The length x of a rectangle is decreasing at the rate of 5 cm/minute and the width y is increasing at the rate of 4 cm/minute.

Since the length (x) is decreasing at the rate of 5 cm/minute and the width (y) is increasing at the rate of 4 cm/minute, we have:

$\frac{d x}{d t}=-5 \mathrm{~cm} / \mathrm{min}$ and $\frac{d y}{d t}=4 \mathrm{~cm} / \mathrm{min}$

(a) The perimeter (P) of a rectangle is given by,

P = 2(x + y)

$\therefore \frac{d P}{d t}=2\left(\frac{d x}{d t}+\frac{d y}{d t}\right)=2(-5+4)=-2 \mathrm{~cm} / \mathrm{min}$

Hence, the perimeter is decreasing at the rate of 2 cm/min.

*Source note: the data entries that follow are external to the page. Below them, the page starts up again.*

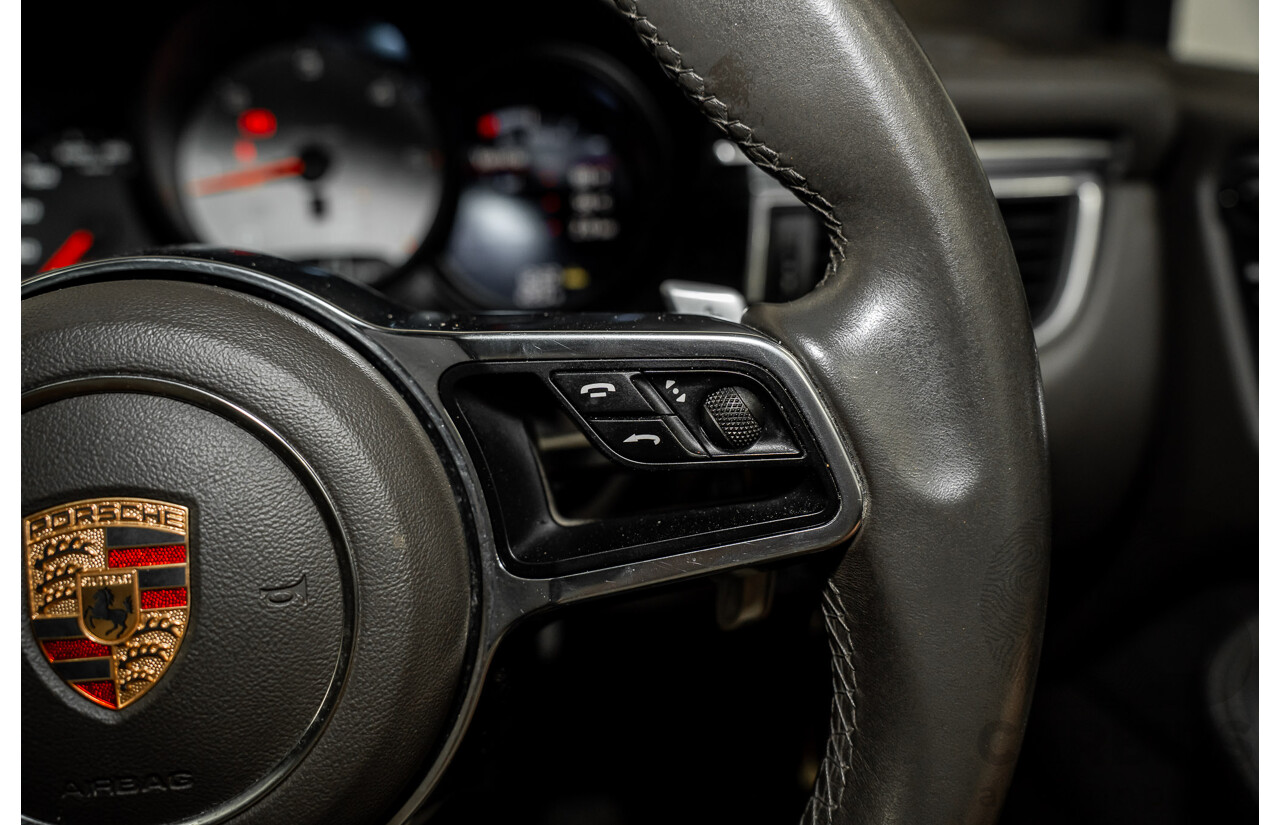 03/2015 Porsche Macan S DIESEL (AWD) MY15 4D Wagon White Turbo Diesel 3.0L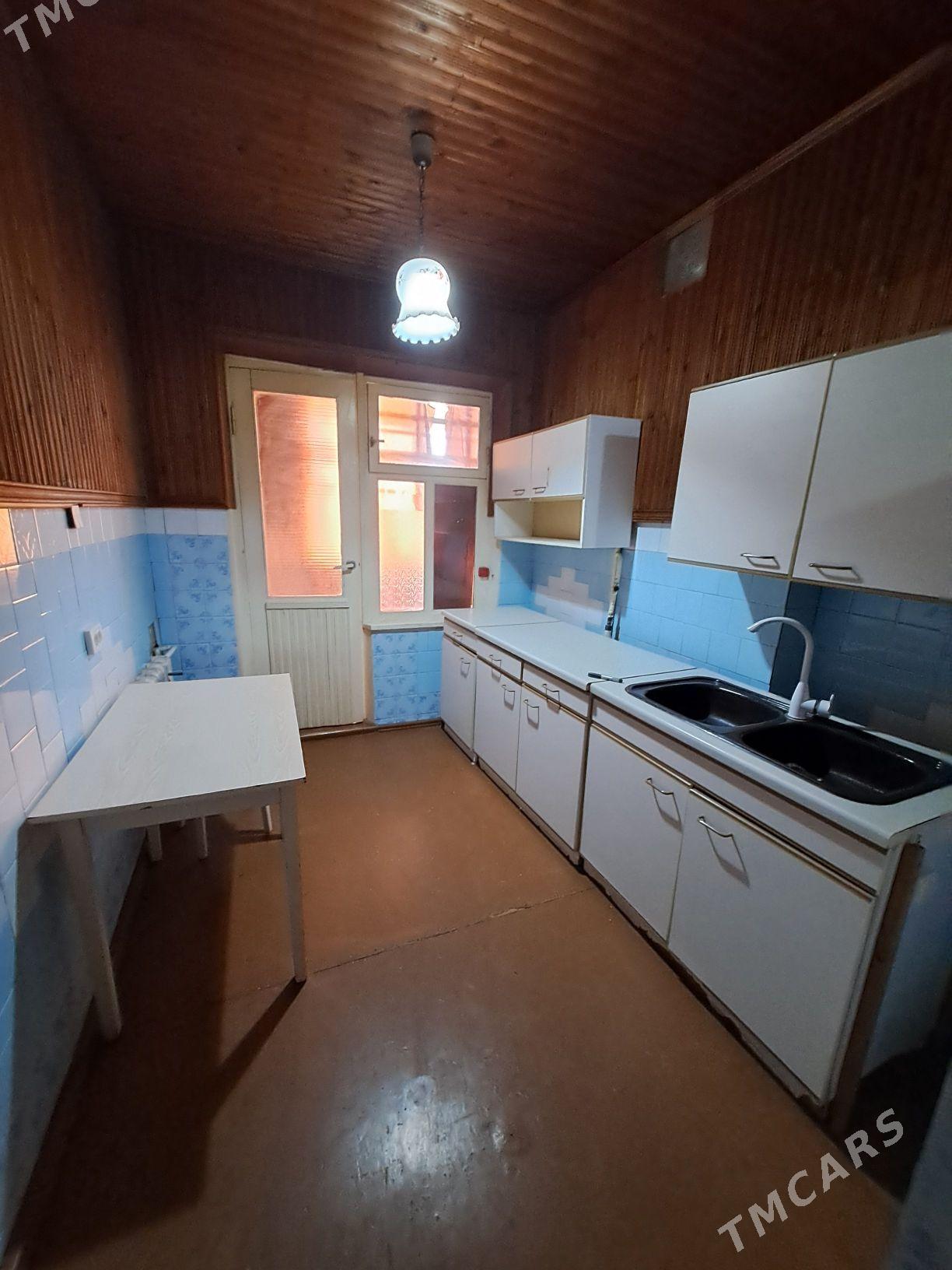 Продаётся 3-х комн,Химик мкр - Türkmenabat - img 4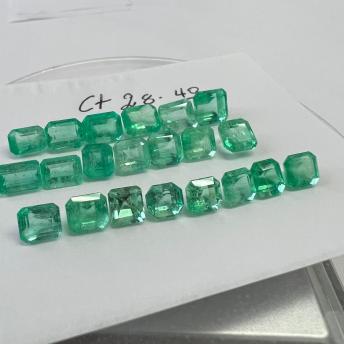 28.40 Ct.  Colombian Emerald Lot 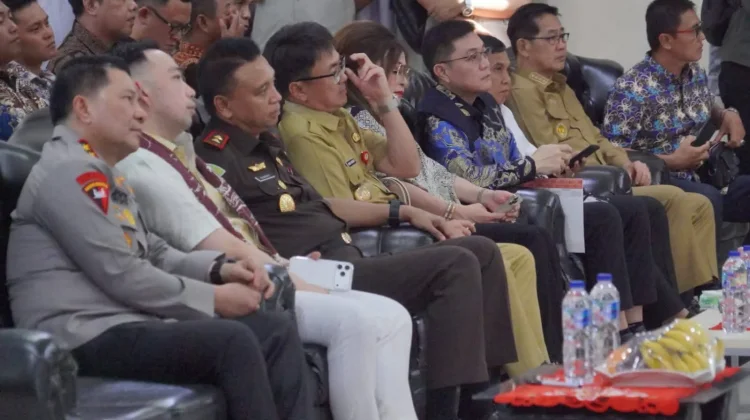 Moment Pelantikan Ketua Alumni FEB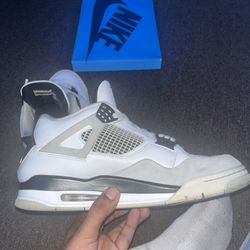 Jordan 4 Military Black 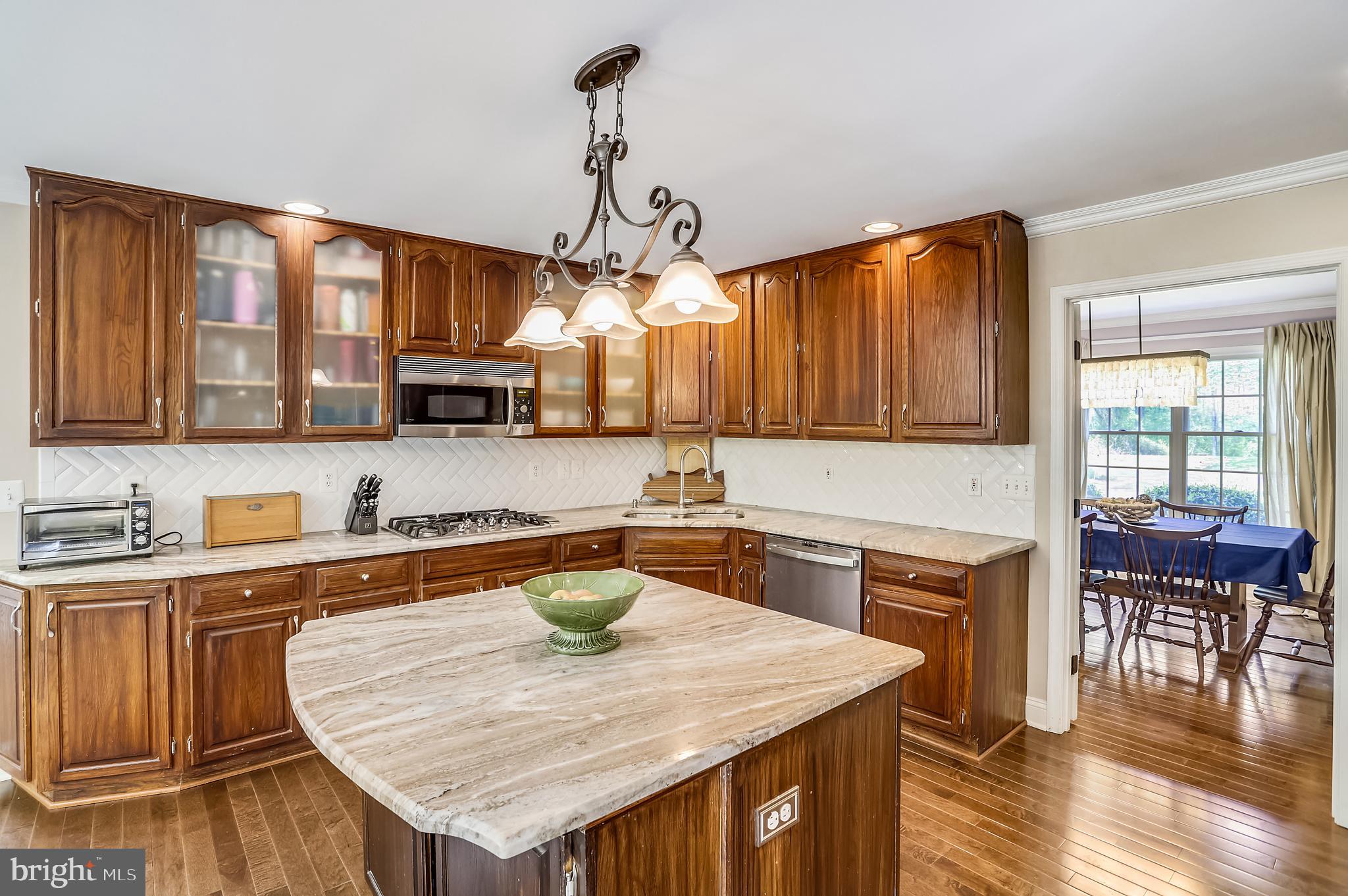 TALL OAKS - Residential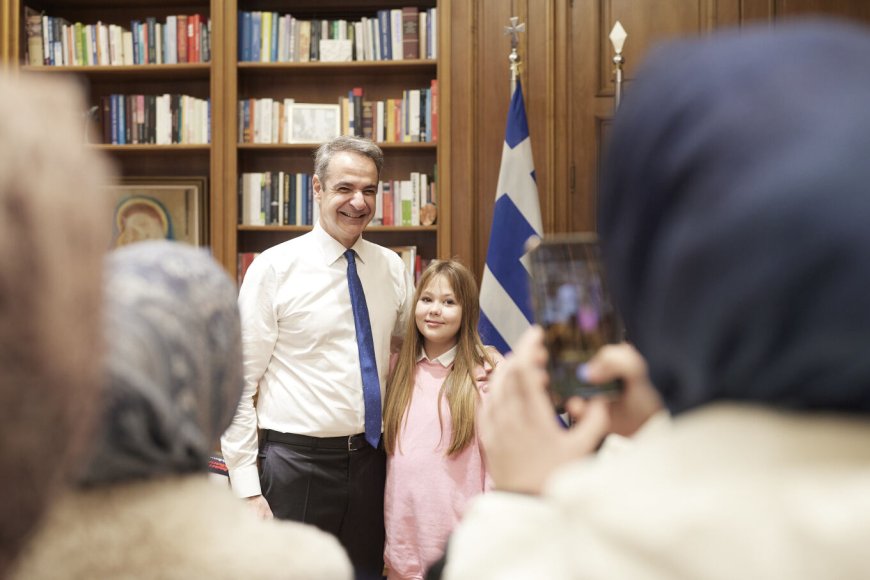 Μητσοτάκης Μαξίμου: Ο πρωθυπουργός υποδέχθηκε μαθητές του μειονοτικού δημοτικού σχολείου Πάχνης Ξάνθης
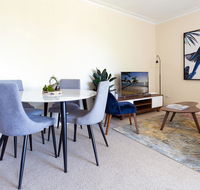 Stay in the heart of Randwick with style - Holiday Byron Bay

(b) The area (A) of a rectangle is given by,

A = x⋅ y

$\therefore \frac{d \mathrm{~A}}{d t}=\frac{d x}{d t} \cdot y+x \cdot \frac{d y}{d t}=-5 y+4 x$

When $x=8 \mathrm{~cm}$ and $y=6 \mathrm{~cm}, \frac{d A}{d t}=(-5 \times 6+4 \times 8) \mathrm{cm}^{2} / \mathrm{min}=2 \mathrm{~cm}^{2} / \mathrm{min}$

Hence, the area of the rectangle is increasing at the rate of $2 \mathrm{~cm}^{2} / \mathrm{min}$.